- _WHAT THE EXERCISE ASKS_: Your answer must be an exact copy of the data below, minus any pictures.

+++ RECORDED DATA

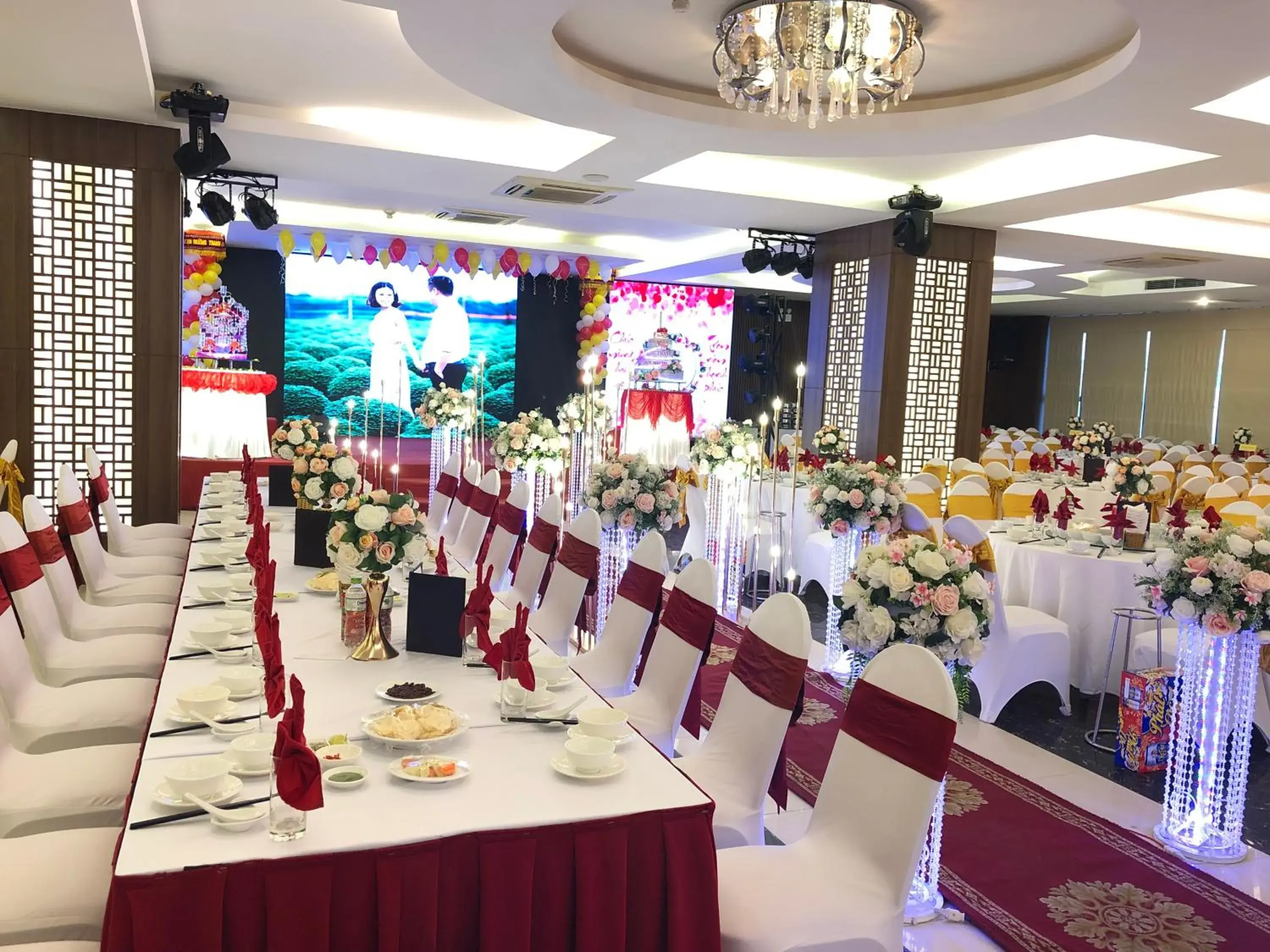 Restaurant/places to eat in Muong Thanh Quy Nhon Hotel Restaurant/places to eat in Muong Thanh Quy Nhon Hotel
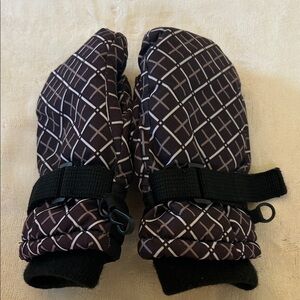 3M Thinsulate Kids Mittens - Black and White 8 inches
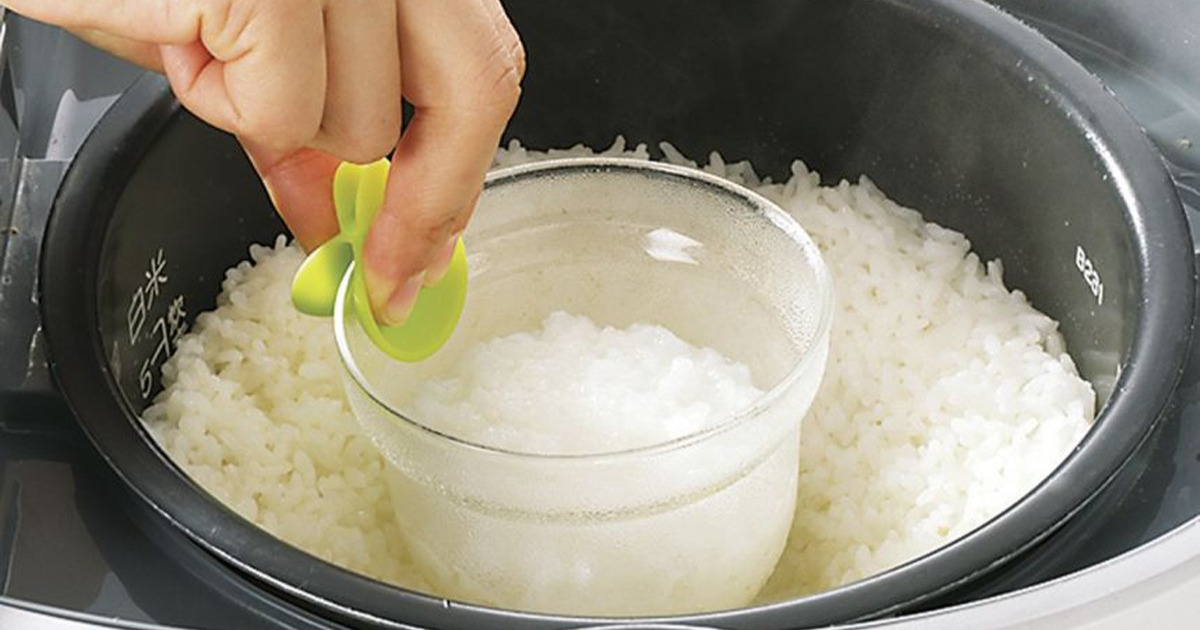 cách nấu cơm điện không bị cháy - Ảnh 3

++++++

- _TASK RESULT_:
 Restaurant/places to eat in Muong Thanh Quy Nhon Hotel Restaurant/places to eat in Muong Thanh Quy Nhon Hotel
 3M Thinsulate Kids Mittens - Black and White 8 inches
 cách nấu cơm điện không bị cháy - Ảnh 3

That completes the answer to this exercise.